For years the National Capital Commission (NCC) has been the most inept, closed, secretive, elitist and incompetent organization in the federal government. Their tagline should be “The NCC—We Never Miss an Opportunity to Miss an Opportunity”.
The NCC board of directors has 15 members, including the chairperson and the chief executive officer (CEO). Thirteen members represent the regions across Canada. Five are from the Capital Region. They are appointed by the minister responsible for the National Capital Commission (now the Hon. Melanie Joly), with the approval of the Governor-in-Council. Their role is to oversee the corporation, ensure that the corporation’s resources are used effectively and efficiently; to monitor, evaluate and report on performance; and to foster relationships between the NCC and other levels of government and the public. In all cases they get an F.

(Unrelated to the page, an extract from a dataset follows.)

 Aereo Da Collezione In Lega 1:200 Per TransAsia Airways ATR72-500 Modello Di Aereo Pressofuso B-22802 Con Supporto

The NCC’s continuous incompetence over decades is mind boggling. Where to start? They botched the memorial to Victims of Communism project, interfered and tried to delay Ottawa’s $1 billion light rail, against the wishes of the democratically elected Ottawa City Council. In 2011, they spent 5.2 million taxpayers’ dollars to install seven new ice chalets at a cost of $750,00 each (shacks) along the Rideau Canal which is double the value of most families homes in Canada. They messed up the so called Metcalfe Grand Boulevard plan, the King Edward Avenue redevelopment plan in the 1980s, spent decades fighting with Public Works Canada and the City of Ottawa over the development of Sparks Street, embarrassed the entire country by making a complete mess of the Millennium Celebrations in 2000, tried to unilaterally expand the Champlain Bridge against the wishes of every local city council in the region, destroyed the town of Hull in the late 1960s with the horrible development of federal buildings on the Quebec side of the Ottawa River. In 1998, Rhys Phillips, in his book Great Gaffes of the National Capital Commission said of the NCC and Hull: “what emerged from the rubble was a textbook example of the twin horrors of postwar urban renewal and late-modernist architecture. Brutalist concrete buildings encase a soulless mall that spans a bleak, six-lane street; they cruelly mock the former humanely scaled cityscape. Four thousand people were displaced. The new ‘city centre’ turns a cold shoulder to the river and the parliamentary precinct across the water.”
The NCC board members are largely unknown. One is a forest industry person, another in general management and marketing, a philosopher and the rest are all either government administrative or education management bureaucrat types. There is not one serious entrepreneur or businesses corporate executive like a Terry Matthews or Jim Balsillie. This explains the insanity of the current Lebreton Flats redevelopment proposal. NCC conditions for applying were so ridiculously secretive and onerous that only two bidders stepped up. Of these, only the Rendezvous LeBreton, 100 per cent private money proposal led by Ottawa Senators owner Eugene Melnyk is credible. The other, the LeBreton Re-Imagined by Devcore, Canderel and DLS Group (DCDLS) is not a serious bid. Their plan is built around an NHL arena and reliance on existing government incentives (whatever that means!). DCDLS does not own an NHL team and will not own one. This should disqualify them immediately from consideration. If the NCC board is dimwitted enough to proceed with the DCDLS LeBreton Re-Imagined proposal (and we know from their track record that they are foolish enough to do this) it will create the biggest white elephant in the region’s history. DCDLS is jesting in the media that they can build and then sell their rink to the competition. This is unprofessional and disrespectful to what should be a serious process. Their glib remarks about Mr. Melnyk are in poor taste to the Ottawa Senators organization who has put hundreds of millions of dollars into our economy over the past quarter century, including millions to local charities. The Rendezvous LeBreton proposal should be approved and given the fast track to proceed as soon as possible. Heritage Minister, Melanie Joly should introduce a bill to disband the NCC and set up a new agency that can better serve Canada’s capital region, of which the Mayors of Ottawa and of Gatineau should be permanent ex-officio members. The incompetence of the NCC does not serve the public interest and continues to destroy the soul of our great city.